Created attachment 16109 [details] patch file based on Samba 4.11.9 If a Windows client sends change notification requests n times for the same folder, smbd-notifyd triggers at least n*n messages to the requesting smbd process when something happens to the folder. We noticed this issue multiple times when the memory usage of smbd-notifyd process was huge, in one case it was 250GiB. Eventually the issue was reproduced by working with the end user who experienced the issue. I understand it is unusual for a client to send change notification requests for the same folder again and again, but a node.js component named "webpack-dev-server" actually does it. I have come up with a potential fix to the issue and verified that it fixes our problem. Please see the attached diff file.
Can you clarify exactly what the client is doing to trigger this ? My understanding is that the client, on the same connection, is repeatedly issuing identical change-notify requests on an open handle ? Is that correct ? It would be good to see a wireshark trace of this so we can create a regression test to reproduce this. Thanks !

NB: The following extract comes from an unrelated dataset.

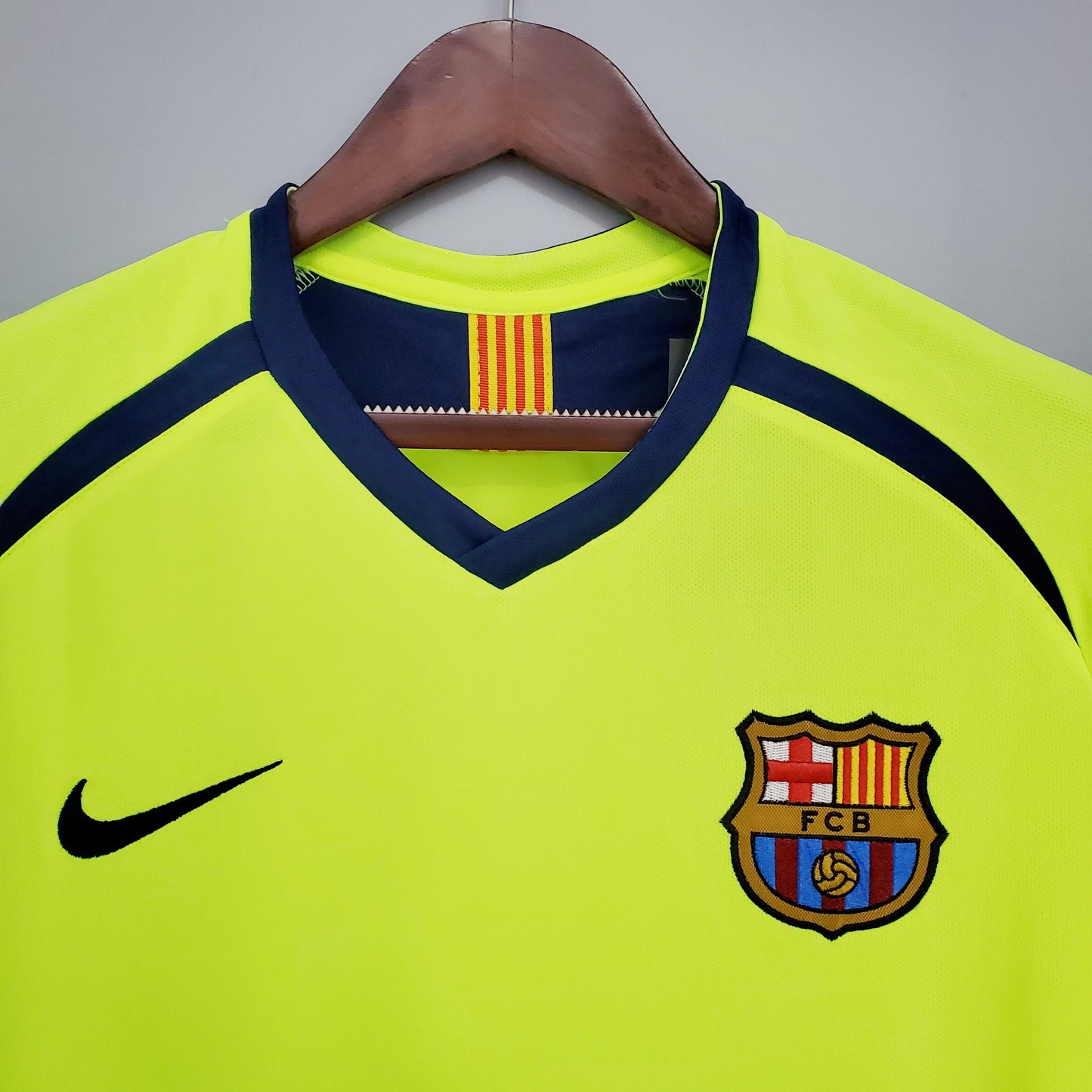Camiseta FC Barcelona Visita Retro 2005/06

Created attachment 16115 [details] pcap file showing many change notification requests on the same folder
(In reply to Jeremy Allison from comment #1) A pcap file was attached to show how a Windows client sends 3000+ change notification requests on the same folder. No change was triggered on that folder as I didn't want to receive 9,000,000 responses. This issue has been reproduced on both Linux and illumos system. I also have a Windows C program which can be used to reproduce the issue reliably, please let me know if it is needed. Thanks!
The Windows C program would be really helpful also - thanks !
Created attachment 16116 [details] Patch to open many notifies on a single connection and directory Attached find a work-in-progress patch that implements important bits of the problematic network trace. smbtorture3 //127.0.0.1/tmp -Uuser%pass notify-bench4 -o 2000 opens 2000 handles and notifies and goes to sleep after that. It is just an initial step towards further analysis, which I don't have time for at this moment. So this is just a snapshot that might help others to take a closer look before I can return to this case.
Created attachment 16117 [details] Fixed torture patch Ooops, wrong patch posted. I had uncommitted changes in my working tree that did not make it to patch 16166. Sorry for the hickup.
Created attachment 16118 [details] Windows C program for reproducing the issue The requested C program was attached. Thanks.